*EXERCISE GOAL*:
All lines from the one including "Motosega a scoppio" to the bottom of the entries below should be repeated exactly, both ends kept.

*** Opening DATASET RECORDS ***

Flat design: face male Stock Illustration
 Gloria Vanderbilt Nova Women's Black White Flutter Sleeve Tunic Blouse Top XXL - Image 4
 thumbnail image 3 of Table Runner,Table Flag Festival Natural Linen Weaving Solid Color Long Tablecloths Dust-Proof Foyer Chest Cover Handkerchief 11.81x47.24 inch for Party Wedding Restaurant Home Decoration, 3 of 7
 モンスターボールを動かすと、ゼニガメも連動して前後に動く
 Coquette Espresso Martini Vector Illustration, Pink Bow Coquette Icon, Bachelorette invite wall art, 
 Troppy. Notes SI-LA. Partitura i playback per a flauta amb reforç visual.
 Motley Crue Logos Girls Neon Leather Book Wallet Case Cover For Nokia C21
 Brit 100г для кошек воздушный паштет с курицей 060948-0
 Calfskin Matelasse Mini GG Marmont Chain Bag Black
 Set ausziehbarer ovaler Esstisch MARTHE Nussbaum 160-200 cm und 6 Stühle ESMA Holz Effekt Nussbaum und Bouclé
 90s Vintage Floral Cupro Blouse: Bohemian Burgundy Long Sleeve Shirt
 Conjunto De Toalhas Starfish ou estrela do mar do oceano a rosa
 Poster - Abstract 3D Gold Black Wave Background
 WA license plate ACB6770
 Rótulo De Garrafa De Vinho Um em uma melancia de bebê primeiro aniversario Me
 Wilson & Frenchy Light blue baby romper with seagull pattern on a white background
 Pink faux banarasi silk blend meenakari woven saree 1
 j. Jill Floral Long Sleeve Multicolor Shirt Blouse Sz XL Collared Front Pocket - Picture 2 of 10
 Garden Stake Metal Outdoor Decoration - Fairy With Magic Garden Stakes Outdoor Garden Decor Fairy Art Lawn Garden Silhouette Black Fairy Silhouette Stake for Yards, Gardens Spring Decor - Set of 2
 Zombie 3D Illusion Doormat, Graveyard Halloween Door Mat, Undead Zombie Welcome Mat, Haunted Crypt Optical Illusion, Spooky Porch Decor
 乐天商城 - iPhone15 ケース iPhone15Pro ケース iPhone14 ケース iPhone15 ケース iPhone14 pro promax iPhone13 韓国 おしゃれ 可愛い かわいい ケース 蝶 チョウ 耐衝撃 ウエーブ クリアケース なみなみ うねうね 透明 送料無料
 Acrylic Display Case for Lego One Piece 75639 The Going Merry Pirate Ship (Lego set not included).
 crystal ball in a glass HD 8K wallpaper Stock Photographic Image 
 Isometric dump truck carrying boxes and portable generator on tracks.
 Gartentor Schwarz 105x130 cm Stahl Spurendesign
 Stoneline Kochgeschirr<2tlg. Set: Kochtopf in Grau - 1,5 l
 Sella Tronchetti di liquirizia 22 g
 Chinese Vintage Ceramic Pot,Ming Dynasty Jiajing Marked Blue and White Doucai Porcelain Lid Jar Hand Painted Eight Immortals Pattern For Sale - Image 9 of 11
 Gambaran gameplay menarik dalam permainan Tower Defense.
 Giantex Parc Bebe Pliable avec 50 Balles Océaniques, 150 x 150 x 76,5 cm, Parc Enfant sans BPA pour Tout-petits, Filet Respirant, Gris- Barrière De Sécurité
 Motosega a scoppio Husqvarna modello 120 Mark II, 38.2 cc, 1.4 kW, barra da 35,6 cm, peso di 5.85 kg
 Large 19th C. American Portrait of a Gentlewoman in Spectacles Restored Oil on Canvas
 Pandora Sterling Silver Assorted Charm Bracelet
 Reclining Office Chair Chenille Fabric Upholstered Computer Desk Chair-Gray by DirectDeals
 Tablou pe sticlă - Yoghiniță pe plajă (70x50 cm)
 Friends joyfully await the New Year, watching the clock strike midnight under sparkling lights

*** Closing DATASET RECORDS ***

*COMPLETED TASK*:
 Motosega a scoppio Husqvarna modello 120 Mark II, 38.2 cc, 1.4 kW, barra da 35,6 cm, peso di 5.85 kg
 Large 19th C. American Portrait of a Gentlewoman in Spectacles Restored Oil on Canvas
 Pandora Sterling Silver Assorted Charm Bracelet
 Reclining Office Chair Chenille Fabric Upholstered Computer Desk Chair-Gray by DirectDeals
 Tablou pe sticlă - Yoghiniță pe plajă (70x50 cm)
 Friends joyfully await the New Year, watching the clock strike midnight under sparkling lights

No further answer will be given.